Data supplied section start

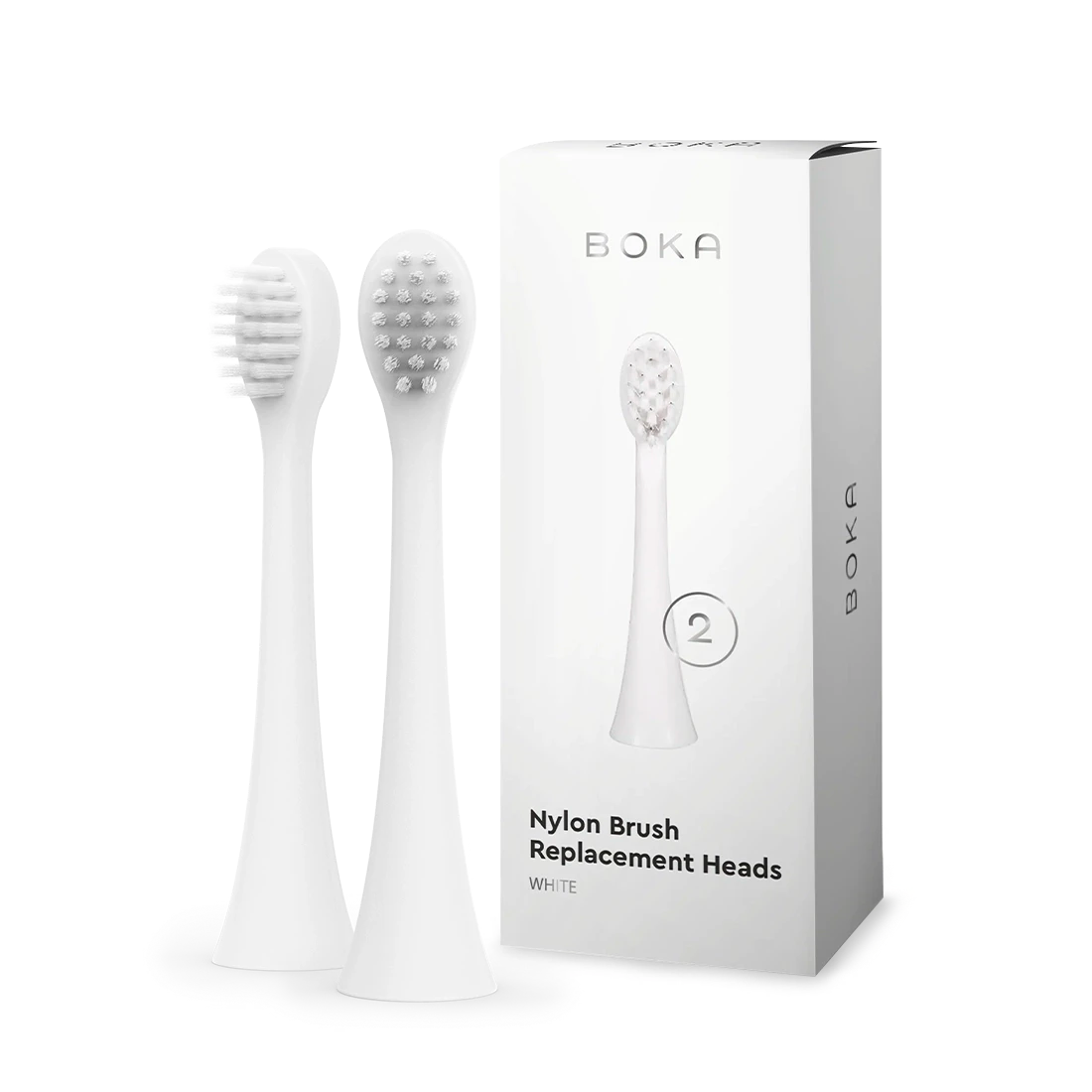 Two kids sonic toothbrush replacement heads stand beside a Boka replacement heads box.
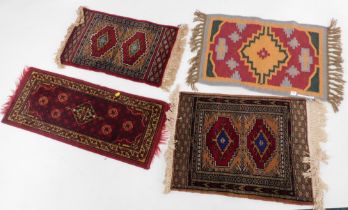 Four Middle Eastern prayer rugs, each with medallions.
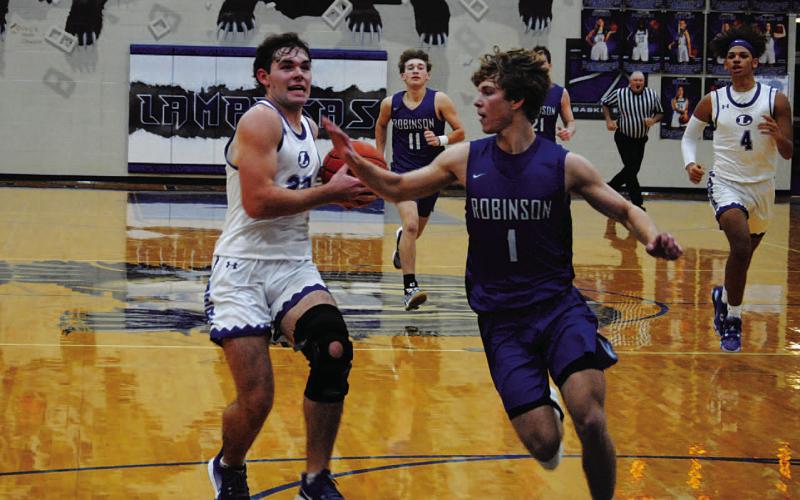 Carter Johnson drives past a defender for a layup in the Badgers’ home game. HUNTER KING | DISPATCH RECORD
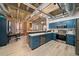 Open kitchen with blue cabinets, stainless appliances, and breakfast bar with seating area at 114 W Adams St # 202, Phoenix, AZ 85003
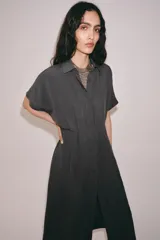 Vestido midi de corte camisero color gris, confeccionado con mezcla de lyocell y lino. Presenta cuello solapa, manga corta, pliegues en la cintura y cierre frontal con botones ocultos.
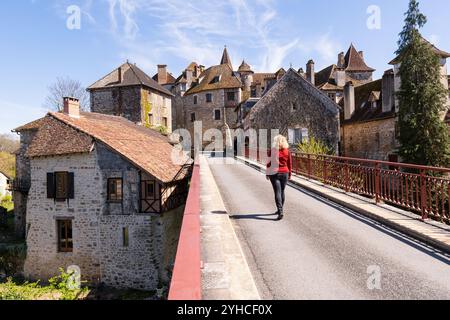 Giovane donna bionda che cammina sul ponte con l'antica città di Carennac sullo sfondo Foto Stock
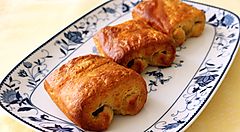 Tre viennoiserie su un piatto decorato in stile austriaco.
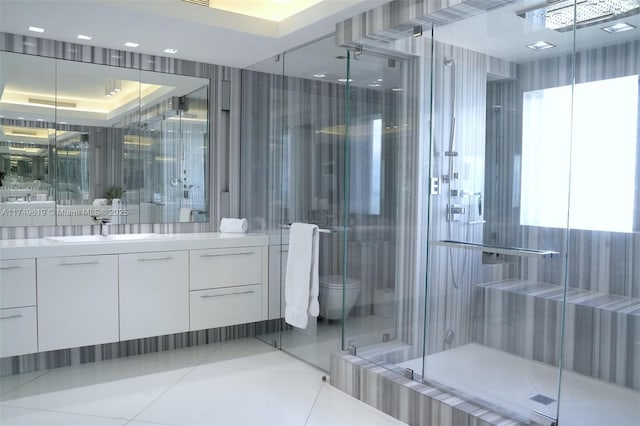 full bathroom featuring toilet, a stall shower, vanity, and tile patterned floors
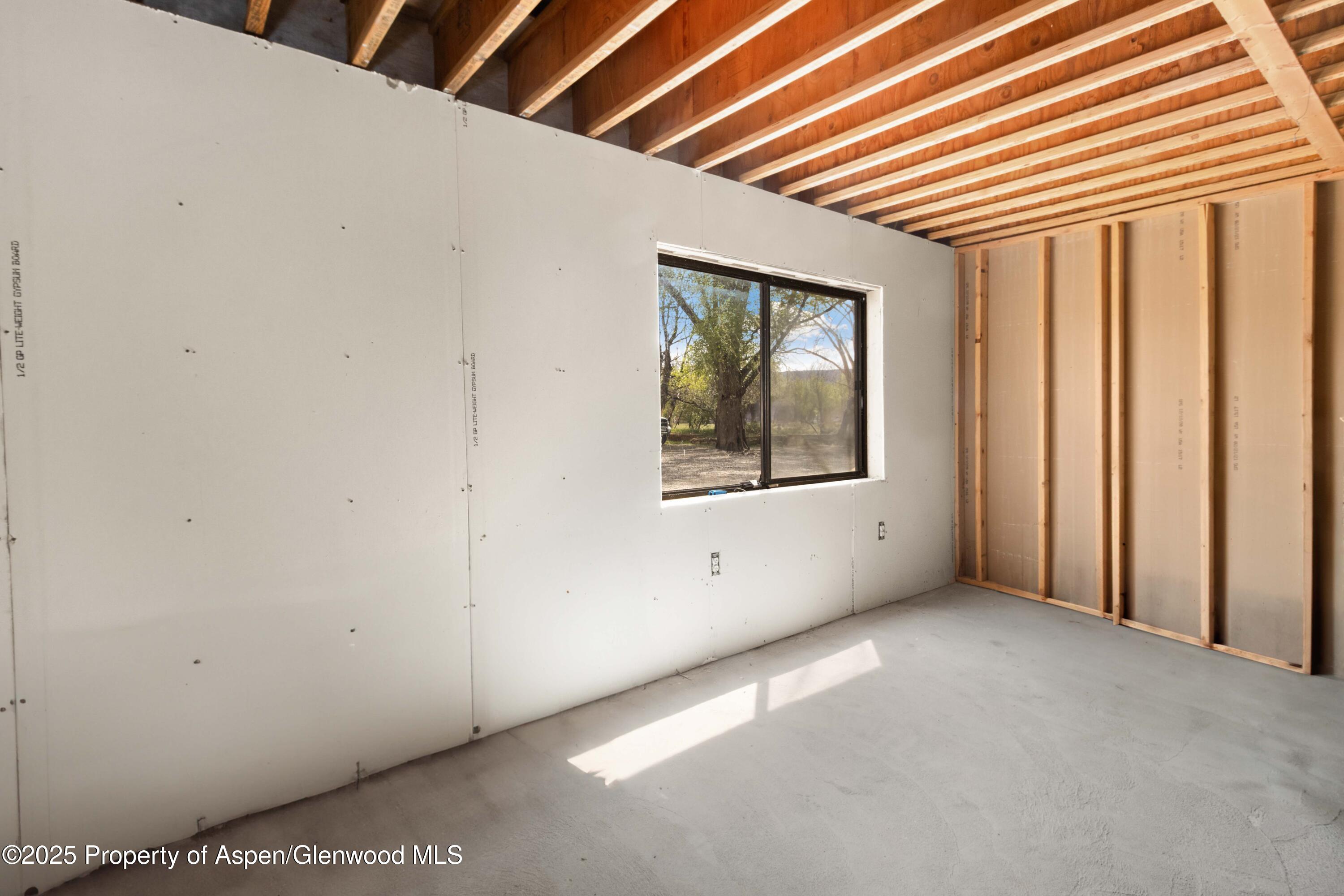 233 County Road 265 Rifle, CO 81650 - Photo 33 of 35 a view of an empty room with a window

Data supplied section end

Your objective:
The lines from the one holding "full bathroom featuring" through the end of the entries are to be transcribed exactly, both ends included, with the pictures left out.

Result of the task:
 full bathroom featuring toilet, a stall shower, vanity, and tile patterned floors
 233 County Road 265 Rifle, CO 81650 - Photo 33 of 35 a view of an empty room with a window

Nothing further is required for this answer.